The gym was loud, the voices laughing and screaming and had a blind man walked in, he would have thought he had crashed a birthday party. It was the soundtrack of kids having fun.

The next morning, the older girls lazily oozed back in. They fitted themselves in shoes and knee pads and ankle and knee braces and began the drudgery of warming up. This time though, their coach stopped them cold. They were encouraged to grab a partner, or two, or three, or even four. Stop being afraid of the net, use it! Then the word was uttered that changed the gym’s mojo…


Confused glances shot around the group. They slowly backed up and grabbed a ball and waited for someone to yell, “Just kidding! Pepper!!!”

But it never came.

Two girls started a rousing one on one game, pass-set and roll shots back and forth in a confined space near the antennae. Beside them was a two on two game with one setter dipping under the net to set both sides, a game that started as a cooperative effort but quickly turned into a game of torture the setter as the action got faster.

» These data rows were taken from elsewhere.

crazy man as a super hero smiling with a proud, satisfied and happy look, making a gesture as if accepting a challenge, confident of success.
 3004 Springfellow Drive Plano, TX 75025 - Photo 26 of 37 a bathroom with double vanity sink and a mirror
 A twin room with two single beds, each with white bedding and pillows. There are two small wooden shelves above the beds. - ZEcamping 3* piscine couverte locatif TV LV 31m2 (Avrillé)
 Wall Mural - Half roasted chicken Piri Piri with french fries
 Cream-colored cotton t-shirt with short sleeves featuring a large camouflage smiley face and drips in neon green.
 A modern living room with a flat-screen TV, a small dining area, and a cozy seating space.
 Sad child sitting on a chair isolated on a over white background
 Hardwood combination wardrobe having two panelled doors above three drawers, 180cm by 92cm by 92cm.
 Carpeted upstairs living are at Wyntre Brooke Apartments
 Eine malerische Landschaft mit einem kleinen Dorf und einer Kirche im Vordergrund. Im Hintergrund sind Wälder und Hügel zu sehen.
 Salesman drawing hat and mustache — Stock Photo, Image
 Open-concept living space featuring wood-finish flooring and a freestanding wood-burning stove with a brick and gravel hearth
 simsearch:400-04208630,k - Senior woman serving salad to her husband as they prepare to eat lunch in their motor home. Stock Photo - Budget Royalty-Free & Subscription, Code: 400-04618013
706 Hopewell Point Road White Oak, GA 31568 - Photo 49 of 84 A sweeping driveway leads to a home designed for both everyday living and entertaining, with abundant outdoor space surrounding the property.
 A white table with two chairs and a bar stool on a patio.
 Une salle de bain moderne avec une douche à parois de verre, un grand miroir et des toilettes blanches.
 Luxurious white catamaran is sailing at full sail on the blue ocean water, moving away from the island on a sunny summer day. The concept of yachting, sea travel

A three on three game started on the other court and soon melded into a 6 on 6 game featuring a few girls on the same court that weren’t facebook friends! Imagine that!

The cacophony was the polar opposite of the lifeless gravedigger’s cricket chirp the morning before. The girls came out of their warm up sweating and smiling and laughing and ready for a long day of camp.

What did this show? The girls on the older court had been coached, for years in both school and club ball. They were told how to warm up, what to do, what the coaches wanted which was regimented and structured and controlled.

The middle schoolers were for the most part too young for coaches yet and did what kids do…play.

We continue, as coaches, to suck the fun out of our game. We talk collectively about how more touches are good but then limit the opportunities for more in something as simple as just playing as a warm up. Queens, speedball, dog house, mini tournaments, 10’ tournaments: they are fun because they are play.

If you ask your athletes which they would rather do, pepper or play, what do you think the answer will be? What would YOUR answer be?